Handling post hook vacuums with dbt and Redshift
When using Redshift as your data warehouse with dbt, you'll likely want to vacuum your tables after incremental models run. This is especially important if you're relying on sort keys to maintain query performance over time. Redshift doesn't automatically sort new rows as they’re inserted, so to keep things efficient, you need to run VACUUM to reorganise the data.
The problem is: Redshift only allows one VACUUM operation at a time per cluster. If two vacuums run simultaneously, Redshift will throw errors like:
ERROR: VACUUM cannot be run concurrently with another VACUUM or COPY
This becomes a real issue when you add VACUUM as a post-hook on multiple models. If you run dbt with more than one thread, which you probably are, to parallelise model execution, there’s a good chance that two post-hook vacuums will run at the same time and fail. That breaks your DAG, leaves downstream models unbuilt, and requires manual intervention.
The naive approach: serial execution
One way to prevent this is to run:
dbt run --threads 1
This ensures only one model (and one vacuum) runs at a time. But it also slows everything down dramatically. You're now processing models serially, even though only the vacuum step needs to be serialised. Not a great tradeoff.
The better approach: centralised, serialised vacuums
Instead of tying vacuums to individual models, we can run them at the end of the run, after all models have been built, and process them one by one. Here’s the general idea:
- Track which incremental models were run successfully.
- At the end of the run, loop through those models and issue a VACUUM statement.
- Run that loop serially to avoid concurrency issues.
This can be implemented using a run-operation macro and a run-level post-hook.
Step 1: Add a run-level post-hook
In your dbt_project.yml
:
on-run-end:
- "{{ vacuum_incremental_models(results) }}"

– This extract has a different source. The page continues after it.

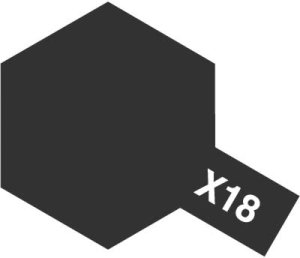 画像1: エナメル X-18 セミグロスブラック (1)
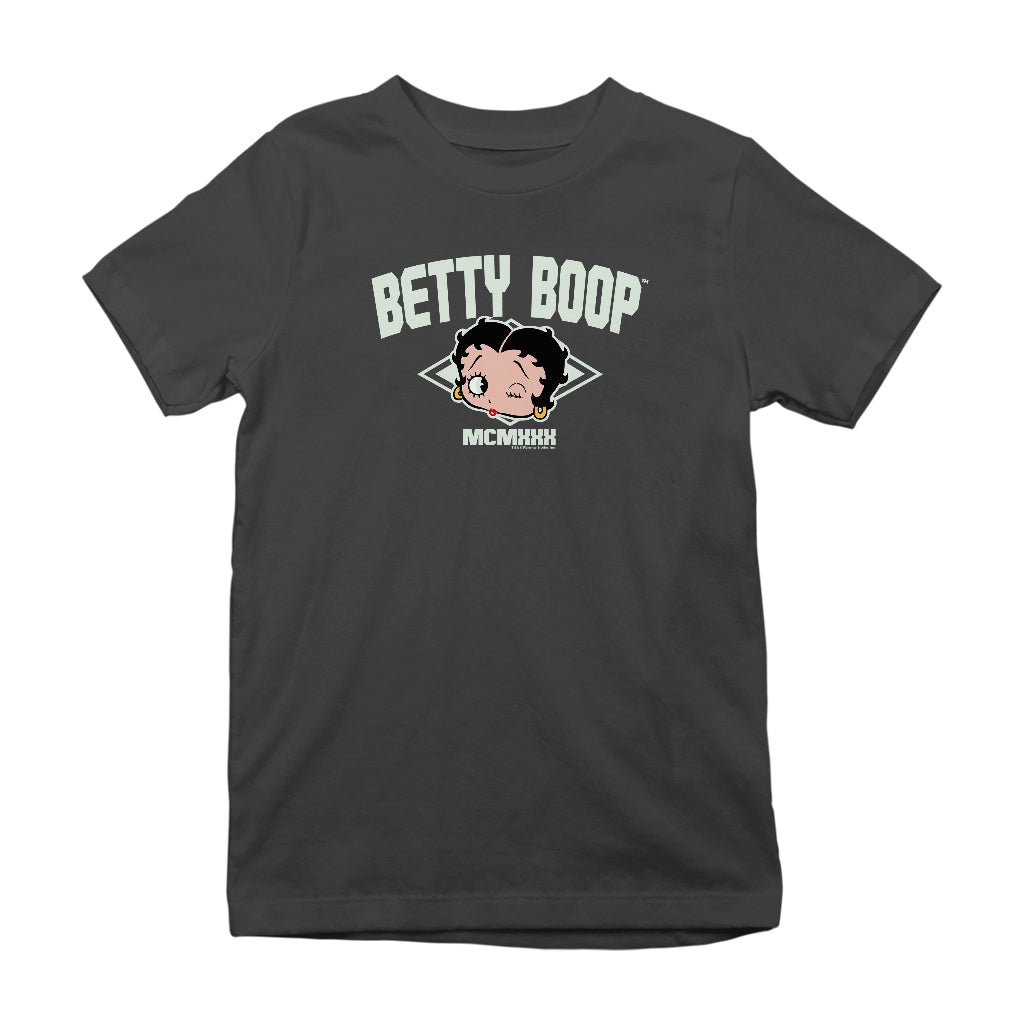 Betty Boop MCMXXX Varsity Style Kids T-Shirt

This macro will receive the full results object from the dbt run and can use it to identify which models to vacuum.
Step 2: Write the macro
In macros/vacuum_incremental_models.sql
:
{% macro vacuum_incremental_models(results) %}
{% for result in results %}
{% if result.status == 'success' and result.node.resource_type == 'model' %}
{% set materialized = result.node.config.materialized %}
{% if materialized == 'incremental' %}
{% set schema = result.node.schema %}
{% set table = result.node.alias %}
{% set sql %}
vacuum {{ schema }}.{{ table }};
{% endset %}
{{ log("Running vacuum on " ~ schema ~ "." ~ table, info=True) }}
{% do run_query(sql) %}
{% endif %}
{% endif %}
{% endfor %}
{% endmacro %}
Benefits with this approach:
- You can still run dbt run with multiple threads
- Models execute in parallel
- Vacuums are executed safely at the end, one by one
- Your DAG stays healthy and error-free